2018 entschied das Bundesverfassungsgericht, dass die Grundsteuer in ihrer früheren Berechnungsmethode nicht mit dem Grundgesetz vereinbar sei. Daraufhin wurde die Grundsteuer reformiert, um mehr Gerechtigkeit und Gleichheit bei der Berechnung zu schaffen.

Einige Verbände, wie Haus & Grund sowie der Bund der Steuerzahler, haben nun verfassungsrechtliche Bedenken bezüglich der der Grundsteuerreform 2022 und spezifisch der Grundsteuer B.

Die Zweifel rühren unter anderem daher, dass sich die Berechnungsmethoden in den Bundesländern teilweise stark unterscheiden. So haben Bayern, Baden-Württemberg, Hamburg, Hessen, Niedersachsen, Saarland und Sachsen eine zum Bundesmodell abweichende Berechnungsmethode aufgestellt. Hinzu kommt, dass sich die Hebesätze der Städte und Gemeinden unterscheiden.

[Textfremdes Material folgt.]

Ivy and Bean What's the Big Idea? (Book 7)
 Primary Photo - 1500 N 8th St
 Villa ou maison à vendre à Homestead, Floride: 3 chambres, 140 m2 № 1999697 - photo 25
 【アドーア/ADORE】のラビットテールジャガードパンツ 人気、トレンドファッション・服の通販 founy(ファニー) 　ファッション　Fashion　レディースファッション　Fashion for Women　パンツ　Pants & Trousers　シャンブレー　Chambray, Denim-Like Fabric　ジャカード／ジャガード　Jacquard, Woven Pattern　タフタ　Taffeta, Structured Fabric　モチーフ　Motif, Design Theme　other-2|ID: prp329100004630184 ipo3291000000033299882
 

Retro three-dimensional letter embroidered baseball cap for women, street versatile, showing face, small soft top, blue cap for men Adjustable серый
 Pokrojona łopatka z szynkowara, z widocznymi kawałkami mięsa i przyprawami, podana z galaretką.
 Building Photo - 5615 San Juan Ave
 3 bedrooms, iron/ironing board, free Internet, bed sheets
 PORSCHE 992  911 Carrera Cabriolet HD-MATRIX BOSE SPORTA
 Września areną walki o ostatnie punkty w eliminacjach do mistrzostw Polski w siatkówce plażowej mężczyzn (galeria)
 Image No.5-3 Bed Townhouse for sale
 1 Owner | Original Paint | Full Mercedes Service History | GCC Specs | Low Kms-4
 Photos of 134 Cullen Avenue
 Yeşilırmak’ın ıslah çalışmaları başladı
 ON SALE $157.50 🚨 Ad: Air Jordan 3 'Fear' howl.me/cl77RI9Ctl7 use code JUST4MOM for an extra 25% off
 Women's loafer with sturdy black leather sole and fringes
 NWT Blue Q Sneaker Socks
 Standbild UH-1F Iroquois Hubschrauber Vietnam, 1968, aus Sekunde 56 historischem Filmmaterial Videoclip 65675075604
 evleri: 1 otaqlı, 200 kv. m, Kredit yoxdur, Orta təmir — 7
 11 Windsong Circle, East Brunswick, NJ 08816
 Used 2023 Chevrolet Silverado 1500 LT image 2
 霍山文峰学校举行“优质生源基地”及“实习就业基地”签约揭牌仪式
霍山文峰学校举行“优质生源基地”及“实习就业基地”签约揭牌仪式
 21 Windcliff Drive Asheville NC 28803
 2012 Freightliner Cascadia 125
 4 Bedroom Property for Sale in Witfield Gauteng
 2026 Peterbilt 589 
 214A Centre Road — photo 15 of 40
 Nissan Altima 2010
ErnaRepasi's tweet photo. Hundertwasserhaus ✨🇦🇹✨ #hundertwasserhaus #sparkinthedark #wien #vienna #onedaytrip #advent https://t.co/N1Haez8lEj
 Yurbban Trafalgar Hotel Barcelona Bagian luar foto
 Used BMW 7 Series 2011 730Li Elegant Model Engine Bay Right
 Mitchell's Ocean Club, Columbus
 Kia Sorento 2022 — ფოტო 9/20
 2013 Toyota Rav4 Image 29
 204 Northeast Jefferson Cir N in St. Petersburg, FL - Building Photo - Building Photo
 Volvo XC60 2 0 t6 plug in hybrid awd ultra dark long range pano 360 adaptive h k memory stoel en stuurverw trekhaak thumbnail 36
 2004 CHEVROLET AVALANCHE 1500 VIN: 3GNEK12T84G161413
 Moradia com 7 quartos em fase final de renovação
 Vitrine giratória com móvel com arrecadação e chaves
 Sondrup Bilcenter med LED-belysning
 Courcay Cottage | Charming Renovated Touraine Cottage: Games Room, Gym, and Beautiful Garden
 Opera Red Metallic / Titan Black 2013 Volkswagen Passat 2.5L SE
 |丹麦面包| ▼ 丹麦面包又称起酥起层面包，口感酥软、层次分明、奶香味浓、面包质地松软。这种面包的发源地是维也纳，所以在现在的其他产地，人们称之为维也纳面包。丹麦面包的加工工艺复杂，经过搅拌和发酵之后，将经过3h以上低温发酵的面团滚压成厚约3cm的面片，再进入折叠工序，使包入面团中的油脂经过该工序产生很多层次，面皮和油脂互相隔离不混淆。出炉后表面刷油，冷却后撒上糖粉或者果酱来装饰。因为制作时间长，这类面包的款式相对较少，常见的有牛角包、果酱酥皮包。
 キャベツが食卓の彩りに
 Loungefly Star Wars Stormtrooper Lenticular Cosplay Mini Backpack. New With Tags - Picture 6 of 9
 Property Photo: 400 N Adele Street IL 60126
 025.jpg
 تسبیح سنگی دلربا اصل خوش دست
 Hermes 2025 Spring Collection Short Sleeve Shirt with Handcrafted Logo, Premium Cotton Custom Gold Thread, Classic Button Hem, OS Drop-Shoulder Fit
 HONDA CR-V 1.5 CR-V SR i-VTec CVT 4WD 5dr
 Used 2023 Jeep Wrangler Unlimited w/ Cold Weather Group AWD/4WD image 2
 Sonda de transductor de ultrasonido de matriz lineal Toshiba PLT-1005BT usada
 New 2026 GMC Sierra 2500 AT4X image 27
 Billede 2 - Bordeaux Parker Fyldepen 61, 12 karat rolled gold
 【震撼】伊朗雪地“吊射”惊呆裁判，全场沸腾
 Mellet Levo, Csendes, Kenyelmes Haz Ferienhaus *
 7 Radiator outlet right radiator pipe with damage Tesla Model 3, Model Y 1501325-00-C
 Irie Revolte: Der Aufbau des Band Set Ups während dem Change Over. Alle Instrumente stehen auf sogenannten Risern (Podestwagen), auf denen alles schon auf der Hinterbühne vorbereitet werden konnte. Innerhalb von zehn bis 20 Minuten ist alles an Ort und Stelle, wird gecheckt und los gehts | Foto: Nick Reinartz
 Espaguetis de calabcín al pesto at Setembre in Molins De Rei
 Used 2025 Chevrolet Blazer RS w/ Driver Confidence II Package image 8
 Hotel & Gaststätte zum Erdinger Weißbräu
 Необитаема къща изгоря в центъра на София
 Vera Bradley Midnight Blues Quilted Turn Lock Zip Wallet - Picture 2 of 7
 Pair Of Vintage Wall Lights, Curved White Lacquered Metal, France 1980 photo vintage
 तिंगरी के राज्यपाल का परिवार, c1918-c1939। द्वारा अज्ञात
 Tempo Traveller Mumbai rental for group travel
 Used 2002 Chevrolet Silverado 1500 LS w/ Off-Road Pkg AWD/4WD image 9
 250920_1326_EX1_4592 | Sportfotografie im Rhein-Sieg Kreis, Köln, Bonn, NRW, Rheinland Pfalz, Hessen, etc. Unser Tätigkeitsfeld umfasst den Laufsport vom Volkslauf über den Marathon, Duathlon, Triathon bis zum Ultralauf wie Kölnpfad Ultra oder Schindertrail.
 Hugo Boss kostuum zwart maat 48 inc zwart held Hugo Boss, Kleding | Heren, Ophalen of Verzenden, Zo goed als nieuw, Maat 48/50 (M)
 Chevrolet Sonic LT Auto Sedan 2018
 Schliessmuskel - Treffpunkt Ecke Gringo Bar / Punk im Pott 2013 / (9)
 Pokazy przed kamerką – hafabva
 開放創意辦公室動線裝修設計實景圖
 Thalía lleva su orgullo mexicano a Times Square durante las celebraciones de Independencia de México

Das kann zu großen Unterschieden bei der Grundsteuerbelastung bei gleichartigen Immobilien in verschiedenen Bundesländern führen. Das Bodenrichtwertmodell in Baden-Württemberg wird besonders stark hinterfragt. Das liegt vor allem daran, dass die bei diesem Modell ermittelten Richtwerte sehr ungenau sind.

Wer klagt?

Derzeit wollen vier Verbände gegen die Reform klagen. Der Bund der Steuerzahler Baden-Württemberg hat bereits Klage gegen einen Grundsteuerwertbescheid eingereicht. Die Verbände Haus & Grund Württemberg und Haus & Grund Baden sowie der Verband Wohneigentum Baden-Württemberg wollen zusammen mit betroffenen Eigentümern Musterklagen einreichen.

Weitere Klagen auch aus anderen Bundesländern sind wohl zu erwarten, teilte eine Sprecherin des Finanzministeriums in Stuttgart mit. Möglicherweise wird es auch eine Klage gegen das Bundesmodell geben.

Was könnte passieren?

Eigentümer sind verpflichtet, bis zum 31. Januar 2023 eine Grundsteuererklärung abzugeben. Verbände, Verfassungsrechtler und Anwälte raten dazu, die Frist einzuhalten und Einspruch gegen den Grundsteuerbescheid zu erheben. Denn wird die Frist für die Grundsteuererklärung nicht eingehalten, wird die Steuerschuld geschätzt.

Bei der Schätzung werden sogenannte Sicherheitszuschläge eingerechnet, die dazu führen können, dass die Steuer weitaus höher ausfällt.

Generell empfiehlt es sich, den Grundsteuerwertbescheid bei Erhalt zu prüfen, im Zweifel Einspruch einzulegen und das Ruhen des Verfahrens zu beantragen. Der Einspruch muss innerhalb von vier Wochen erfolgen.